Council members Jim Arrington, Willie Edmondson, Nathan Gaskin and LeGree McCamey voted in favor. Council members Tom Gore and Mark Mitchell voted against.
The new sign ordinance is shorter than the ordinance that was passed in 1998, and City Planner Leigh Threadgill has said previously that staff aimed to make the ordinance easier to understand and enforce. The new sign ordinance also resolves some wording that could be deemed legally questionable following recent court decisions that prohibit anything that could be interpreted as dictating content. The sign ordinance itself has been under discussion for more than a year, with the council debating the line between regulation that protect businesses and regulation that hurts businesses.

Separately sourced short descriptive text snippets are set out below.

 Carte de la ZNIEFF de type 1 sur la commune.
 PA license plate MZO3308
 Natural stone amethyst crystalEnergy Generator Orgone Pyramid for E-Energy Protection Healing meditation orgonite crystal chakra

That middle line fell under scrutiny one last time on Tuesday, as the city council heard concerns from former council member Bobby Traylor. Traylor’s concerns centered on a sign recently installed at Traylor’s Jewelry & Pawn, which has run into problems with both current and proposed regulations.
“We aren’t asking for special privileges. We aren’t asking for the moon,” Traylor said. “We would just like a variance that we can use our sign to advertise our products.”

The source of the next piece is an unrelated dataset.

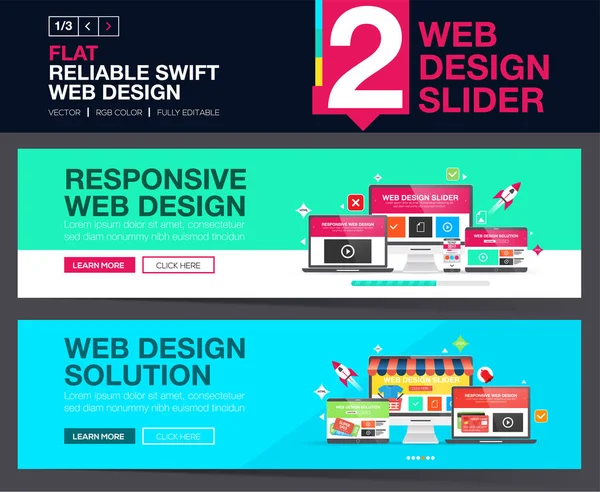 Web slider or banners design concepts for your Website. — Stock Vector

The sign in question is an electronic sign attached to the side of Traylor’s Jewelry & Pawn. The sign is not allowed at its current location under the ordinance that was adopted in 1998 or the ordinance that was adopted Tuesday, due to a section that limits the type of signs that can be shown on neighborhood commercial (C-1) property. The sign would be allowable under general commercial zoning (C-3), though a variance would be required in order for it to be displayed on the wall instead of as a free-standing sign.

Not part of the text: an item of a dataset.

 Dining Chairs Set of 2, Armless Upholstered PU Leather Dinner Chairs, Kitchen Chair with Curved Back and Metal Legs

Several council members have asked what can be done to allow for this type of signage since it was initially brought to the council’s attention two weeks ago, and the answer provided on how to make that possible was simple, though it would still take several months to go through the process.
“What I’m hearing from the council is that the council does not want to cause you problems, but it doesn’t really affect the new ordinance,” Mayor Jim Thornton said. “The issue is you are going to have to apply to rezone the property. That takes about 90 days. Then you are going to have to apply for a variance which takes another 30 days. These are statutory requirements of public hearings, readings and going through planning and zoning. So, the best solution is to start quickly.”
According to City Manager Meg Kelsey, Traylor will not have to take the sign down during the process, but how often the sign can change will be limited to once a day until it can be permitted.
“We are trying to make the ordinance easier to read and more enforceable and also improve the aesthetics,” Kelsey said. “There are also a couple of legal things that we need to correct [in the old ordinance] that we have to do.”
The legal corrections regarded the types of signs allowed and for how long. The 1998 ordinance allowed designations like realty signs and campaign signs, while the ordinance passed on Tuesday uses more general terms like temporary signage to avoid any accusations of regulating content. The LaGrange City Council is scheduled to meet again on Tuesday, July 10 at 5:30 p.m. at 208 Ridley Avenue.